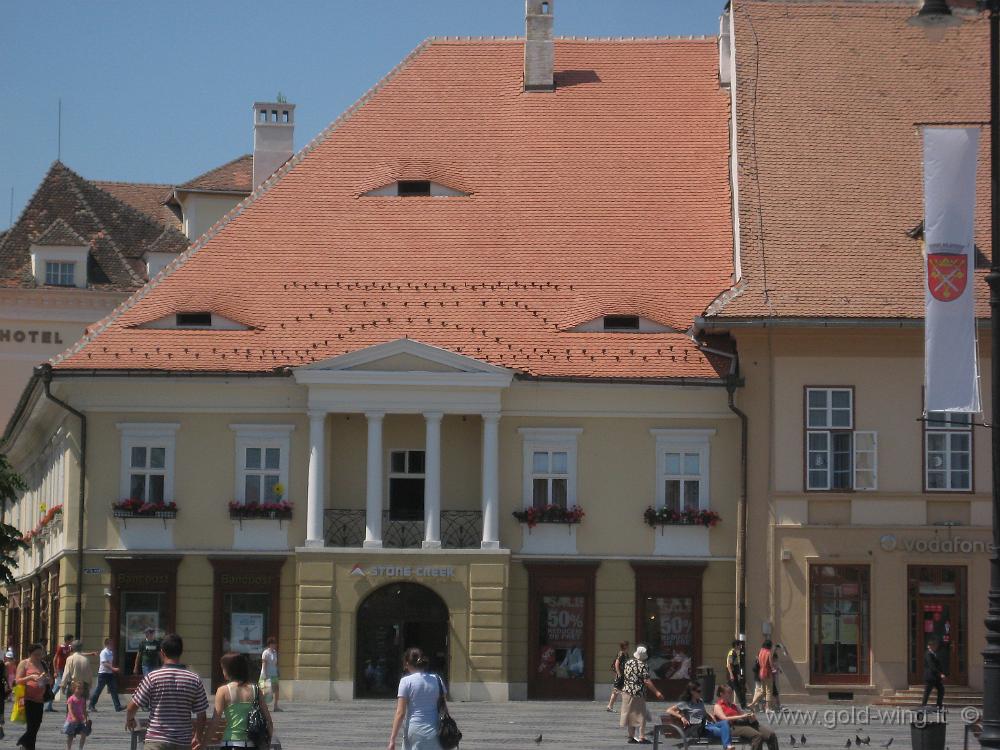 IMG_1230.JPG - Sibiu, Piazza Grande (Piata Mare): curiosi abbaini a forma di occhio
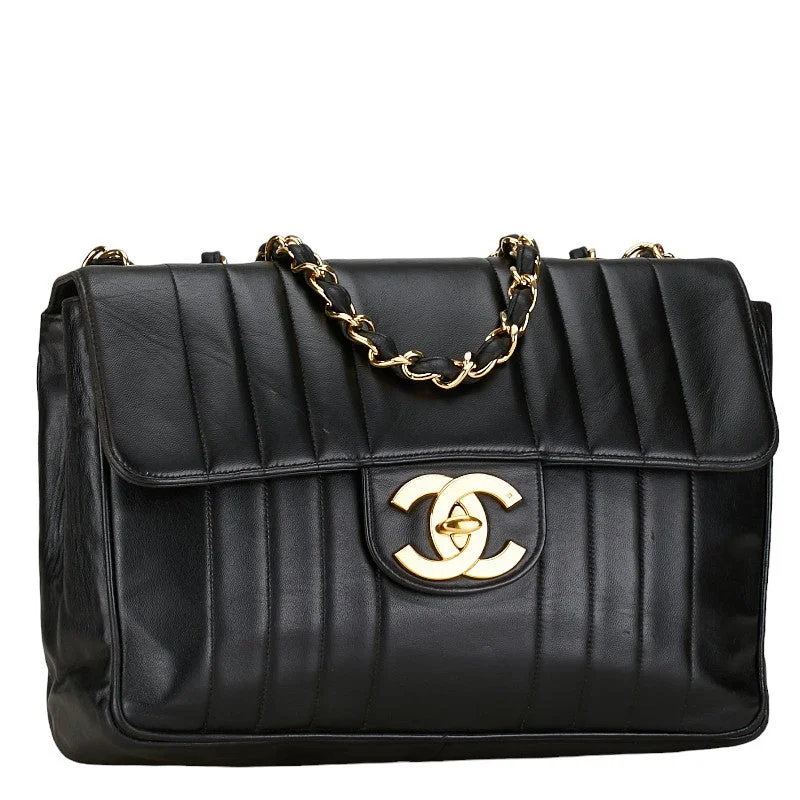 Chanel Black Handbag for Business MeetingsChanel CC Vertical Quilt Leather Flap Bag Leather Shoulder Bag in Good condition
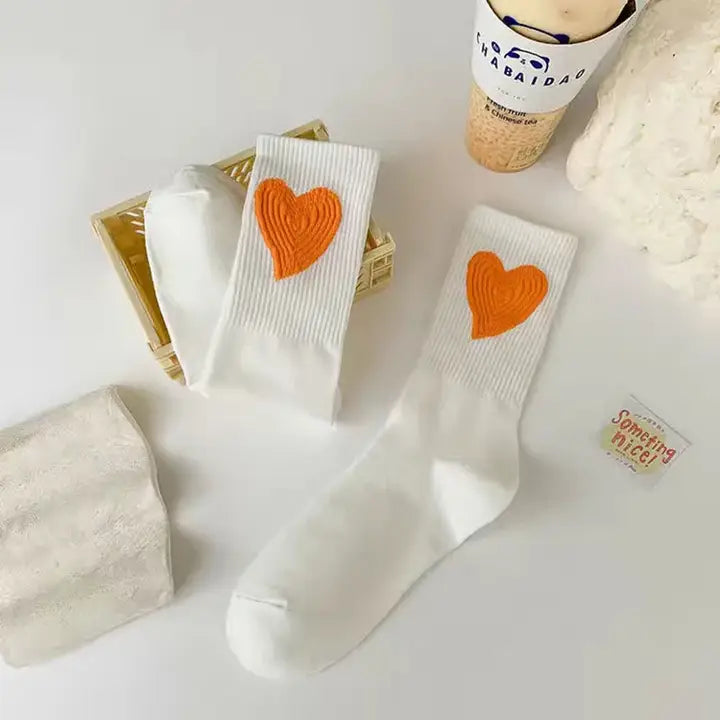 COMFY HEART SOCKS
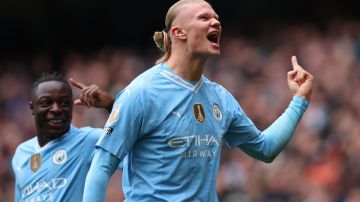 Manchester (United Kingdom), 10/02/2024.- Erling Haaland of Manchester City celebrates scoring a goal during the English Premier League soccer match between Manchester City and Everton FC, at the Etihad Stadium in Manchester, Britain, 10 February 2024. (Reino Unido) EFE/EPA/ASH ALLEN EDITORIAL USE ONLY. No use with unauthorized audio, video, data, fixture lists, club/league logos, 'live' services or NFTs. Online in-match use limited to 120 images, no video emulation. No use in betting, games or single club/league/player publications.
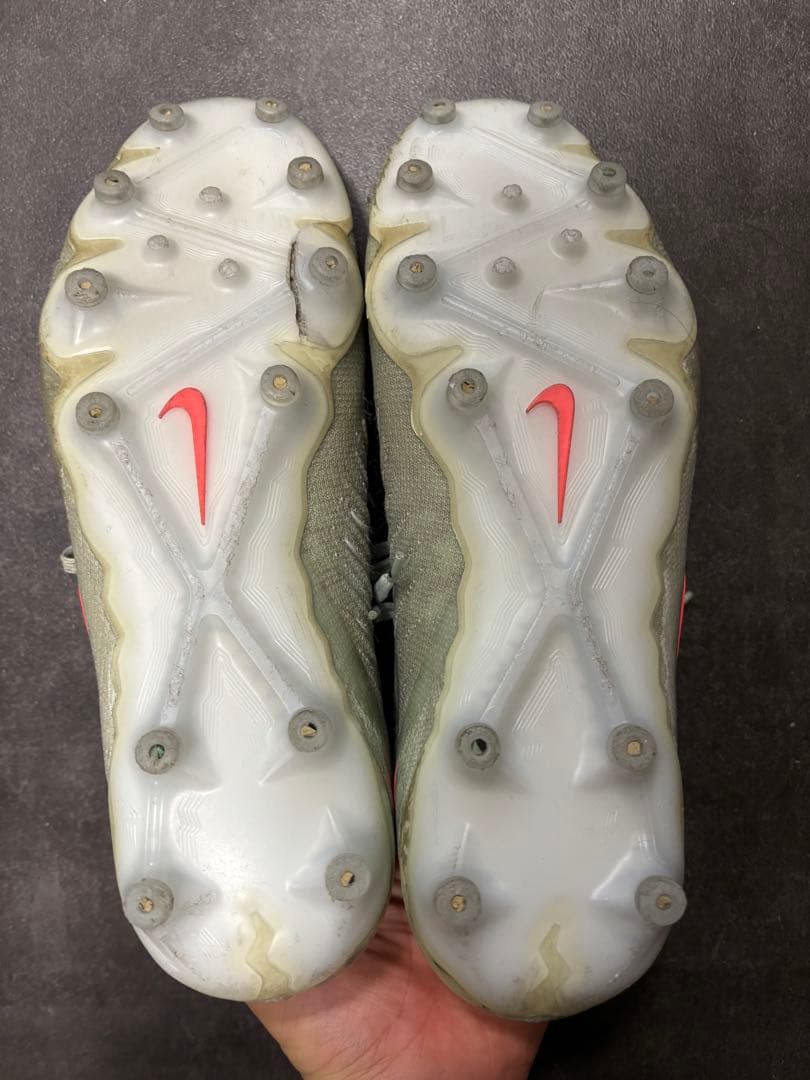 Nike Phantom サッカーシューズ FG 25.5cm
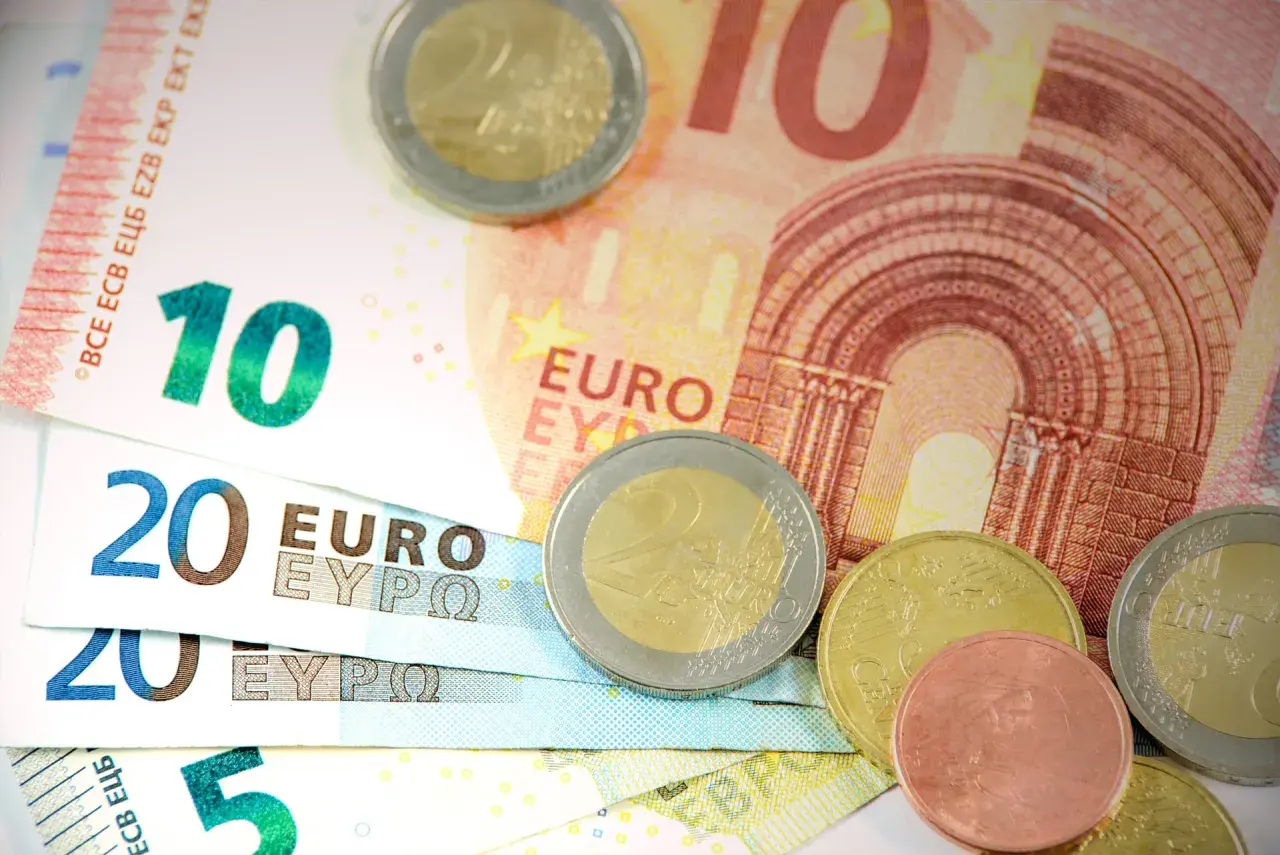 Banknoty 10, 20 i 5 euro oraz monety euro, czyli waluta w Portugalii.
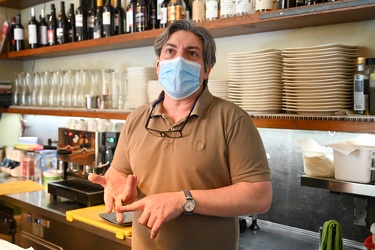 Genova, centro - ristoratori si organizzano per take away fase 2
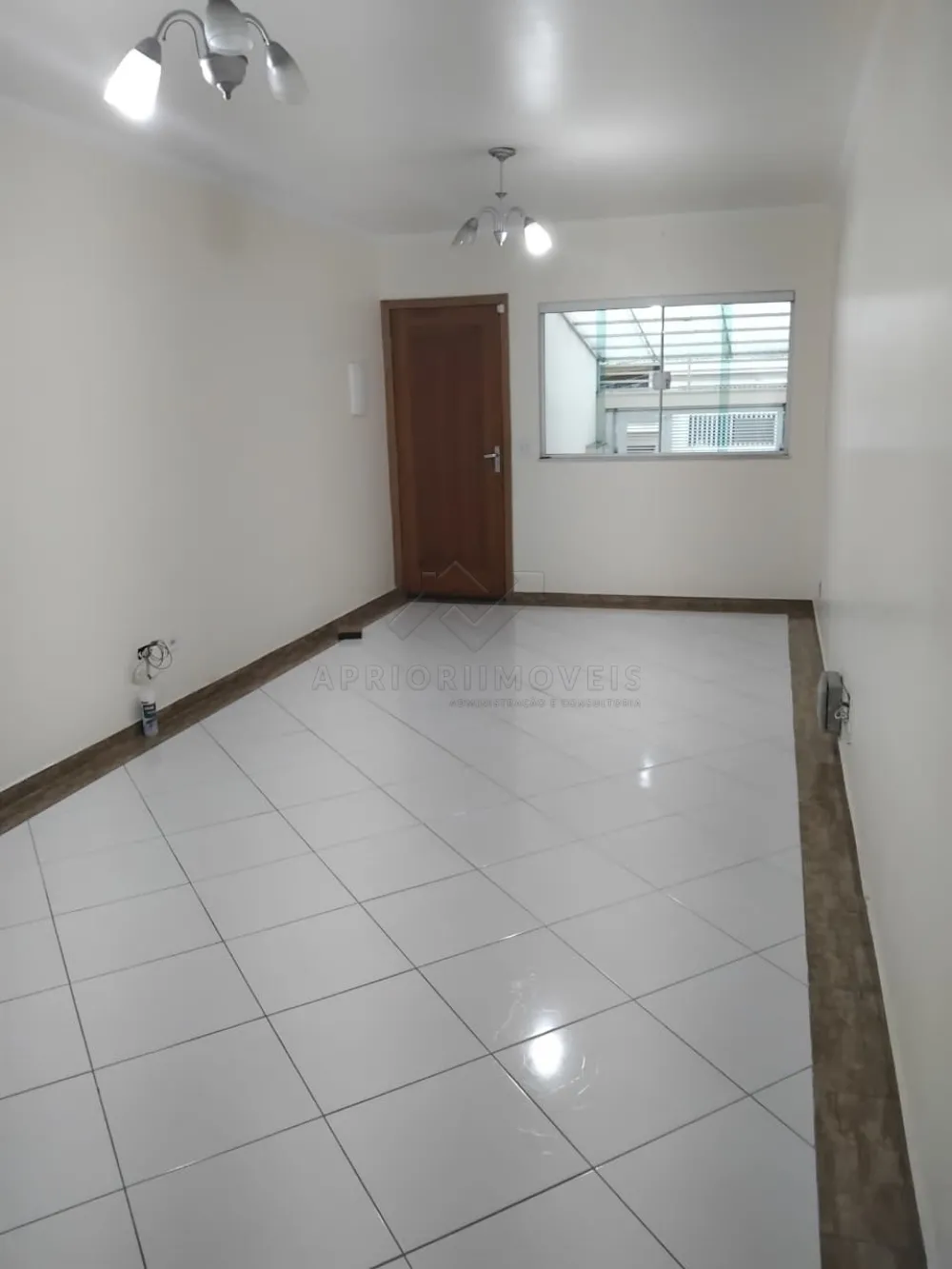Alugar Casa / Sobrado em Santo Andr&eacute; R$ 2.850,00 - Foto 1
• • •
From the line that contains "Chanel Black Handbag" down to the final line of the entries above, please copy each line exactly, excluding pictures.

 Chanel Black Handbag for Business MeetingsChanel CC Vertical Quilt Leather Flap Bag Leather Shoulder Bag in Good condition
 COMFY HEART SOCKS
 Manchester (United Kingdom), 10/02/2024.- Erling Haaland of Manchester City celebrates scoring a goal during the English Premier League soccer match between Manchester City and Everton FC, at the Etihad Stadium in Manchester, Britain, 10 February 2024. (Reino Unido) EFE/EPA/ASH ALLEN EDITORIAL USE ONLY. No use with unauthorized audio, video, data, fixture lists, club/league logos, 'live' services or NFTs. Online in-match use limited to 120 images, no video emulation. No use in betting, games or single club/league/player publications.
 Nike Phantom サッカーシューズ FG 25.5cm
 Banknoty 10, 20 i 5 euro oraz monety euro, czyli waluta w Portugalii.
 Genova, centro - ristoratori si organizzano per take away fase 2
Alugar Casa / Sobrado em Santo Andr&eacute; R$ 2.850,00 - Foto 1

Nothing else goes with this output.